The Pharisees, on the other hand, weren’t emotionally honest. Most were fakers, trying to hide their sins and appear righteous before men. Their hidden motives warranted censure from Jesus. But when one of them came by night to ask honest questions, the Teacher welcomed him, and that’s what he does for us (John 3:1–15).
God wants the “real you” so he can transform it into the “real you” he created you to be. When a funk of irritation, selfishness, lust, or sloth settles in and it’s hard to obey, we should pray honest prayers: “Here’s my heart, Lord, with all its entanglements and temptations. Help!” Our Father answers that cry, forgiving us and empowering us to do what he’s called us to do. Then in faith, we move our hands or feet or words or thoughts down the path of obedience. That’s honest Christianity.
True to the New Self
But even if we’re being emotionally honest, is obeying God when we don’t feel like it inauthentic? The trendy but tricky word “authentic” is about being genuine and true to yourself. As Christians, we should ask which self we mean—the old or the new?
In Ephesians 4:22–24, Paul instructs the church, “Put off your old self, which belongs to your former manner of life and is corrupt through deceitful desires, and . . . be renewed in the spirit of your minds, and . . . put on the new self, created after the likeness of God in true righteousness and holiness.”
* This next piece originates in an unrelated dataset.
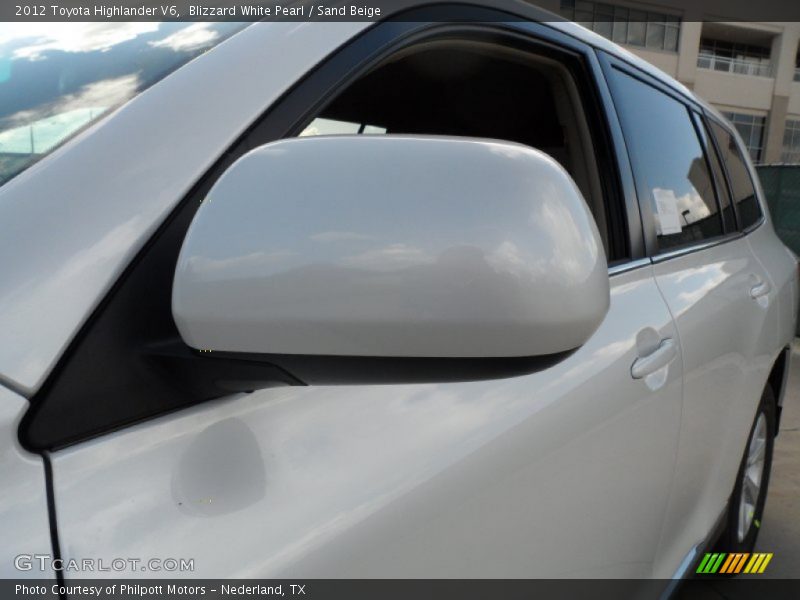 Blizzard White Pearl / Sand Beige 2012 Toyota Highlander V6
Being true to the new self often means rejecting selfish urges and inclinations that feel like comfy old blankets. It means helping someone when we feel like curling up in a ball of self-pity, expressing gratitude when we feel like complaining, and serving when we’d rather be served. These choices are beautifully unnatural to the old self but completely authentic to the new self as we grow in Christlikeness.
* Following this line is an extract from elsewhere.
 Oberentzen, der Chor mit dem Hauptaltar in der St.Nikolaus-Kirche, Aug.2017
Although we’re being “transformed into his image with ever-increasing glory” (2 Cor. 3:18, NIV), we won’t be fully perfected until heaven, and our first inclinations in this life will often be to “not feel like it.” Parents don’t wait for toddlers to feel like obeying before they train them to do what’s right. Feelings don’t have to precede actions.
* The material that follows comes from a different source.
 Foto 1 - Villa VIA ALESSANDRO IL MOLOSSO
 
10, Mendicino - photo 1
Scripture teaches that denying our own will in favor of God’s is proof of faith and maturity (Luke 9:23). That means the grinding of gears we often experience as we follow God’s commands isn’t cause for questioning our authenticity—it’s a reason to celebrate. We’re moving in the right direction.
God Will Help Us Feel like It
Obedience to God doesn’t produce lifeless religion, dry as tree bark. Jesus promises the opposite: rivers of living water will flow from our hearts (John 7:38). As we make difficult, unnatural choices to honor Christ by the power of his Spirit, we begin to love what he loves.
In one of the most encouraging passages for struggling sinners, Philippians 2:13 assures us that God works in us “to will and to work for his good pleasure.” God helps us not only to obey him but to want to obey him. From his storehouse of riches in glory, he generously provides the new inclinations we can’t drum up on our own (4:19).
God helps us not only to obey him but to want to obey him.
In his grace, God called us to come to him even when we didn’t feel like it. The One who intercepted our sprint toward hell welcomes us into his presence through Jesus. Now, every time we struggle with our crooked hearts and warped inclinations, we can run to him for love, help, power, and comfort. As we confess our sins and failures, he gathers us up, reminds us of who we are, and shows us the right way to go. Heeding that voice is authenticity at its best.